LaMontagne, who will play the Austin City Limits Festival on Sept. 15, delivers 11 songs full of stress-soothing harmonies and heartfelt, bluesy wails. His voice sounds effortless and his strumming even more casual, making this album feel honest, as though LaMontagne is barely trying.
Some critics compare him to Nick Drake, and with a slight twist of one arm, we almost agree. If comparisons must be made, there's a lot more that resembles Lou Reed, Damien Rice, Ben Harper and maybe even Ray Charles, whom LaMontagne credits as a major influence (and a namesake?).

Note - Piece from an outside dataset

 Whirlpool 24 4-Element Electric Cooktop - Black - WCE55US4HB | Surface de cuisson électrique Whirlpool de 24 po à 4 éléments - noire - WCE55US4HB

"Till the Sun" features varied tracks that coalesce seamlessly: the violin-laced "Can I Stay" and Phish-like "Barfly" bookend the soulful, neck-swiveling "Three More Days." The ballad-stacked late-summer release has such a cozy acoustic sound that it blatantly hints at autumn, meaning the falling leaves and whipping breezes can't be far behind.
— Sarah Frank
Christina Aguilera
'Back to Basics'
(RCA)
The title means a couple of things. One, she no longer dresses like a porn star. Two, she's reminding everyone that it was a still-pretty-impressive voice that got her here in the first place. Three, that this ridiculously long double CD is filled with highfalutin songwriting of the old school mixed with high-gloss hip-hop production. The latter comes courtesy of DJ Premier, one of the most important hip-hop producers of all time, the former from Linda Perry, gal-pop's go-to gal for cred building.

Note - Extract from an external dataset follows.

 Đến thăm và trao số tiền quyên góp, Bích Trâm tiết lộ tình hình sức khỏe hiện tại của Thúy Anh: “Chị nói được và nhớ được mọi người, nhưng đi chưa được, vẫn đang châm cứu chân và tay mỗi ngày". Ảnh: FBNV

Why Aguilera felt the need to release a double CD where a single would have been really compelling . . . well, that's just reminding everyone of her status as the reigning post-teen pop queen of the more-is-more generation. "Restraint" isn't in her lexicon, whether it means scaring parents silly on 2002's dirty-dirty "Stripped" or giving us this physically trying collection.
The single "Ain't No Other Man" explodes, all quick-fire drum breaks, body-blow bass, digital horns and that bunker-busting nuke of a voice. And "Slow Down Baby" is also a keeper, a perfect dance-floor come-on. But much of this sprawl is given over to pop redundancy and well-meaning genre exercises and just too much. Docked a full star for not knowing when to quit — God bless your pipes, girl, but who has this kind of time?